Work item =
The answer is the data below, repeated exactly, with no pictures included.

Data section =

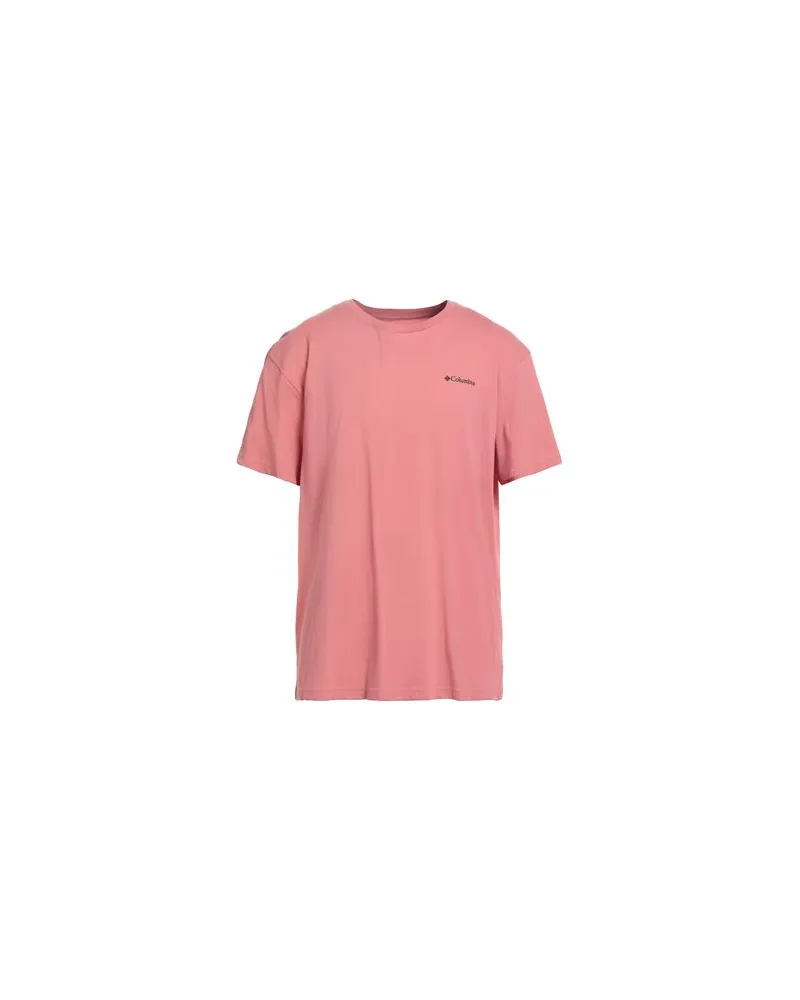 Columbia Sportswear Company North Cascades Short Sleeve top   - TOPS - T-shirtsauf YOOX.COM Koralle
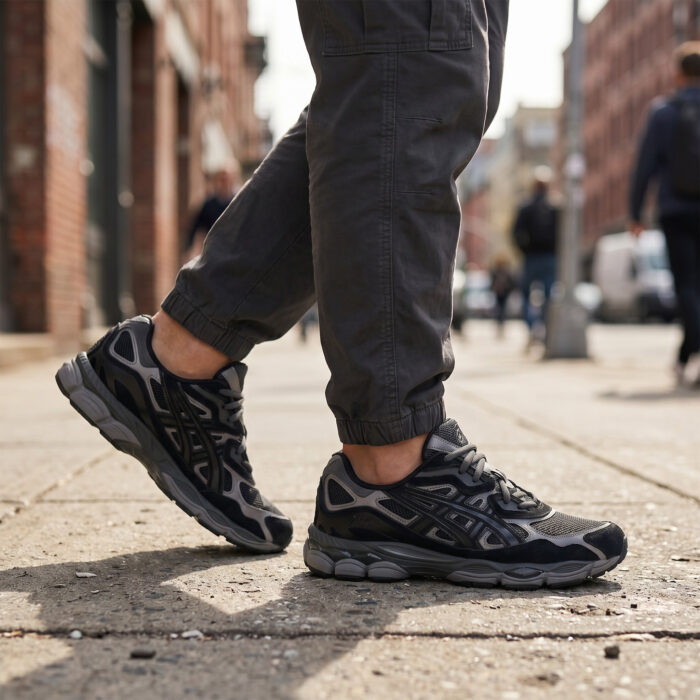 ASICS Gel NYC 'Graphite Grey Black' [Lifestyle AI]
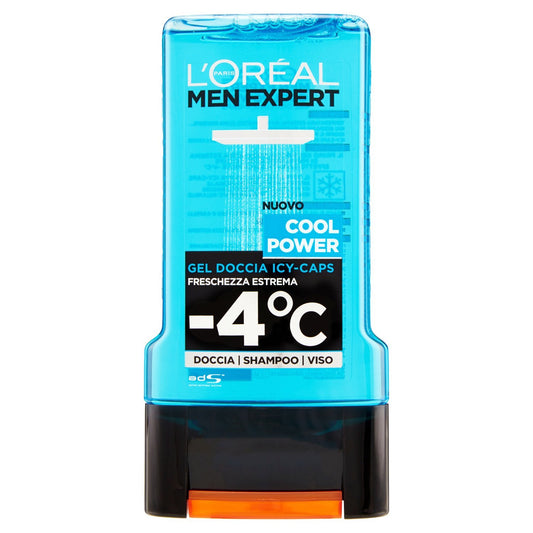 L'Oreal Paris Men Expert Cool Power Body Wash Shampoo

Written answer =
 Columbia Sportswear Company North Cascades Short Sleeve top   - TOPS - T-shirtsauf YOOX.COM Koralle
 ASICS Gel NYC 'Graphite Grey Black' [Lifestyle AI]
 L'Oreal Paris Men Expert Cool Power Body Wash Shampoo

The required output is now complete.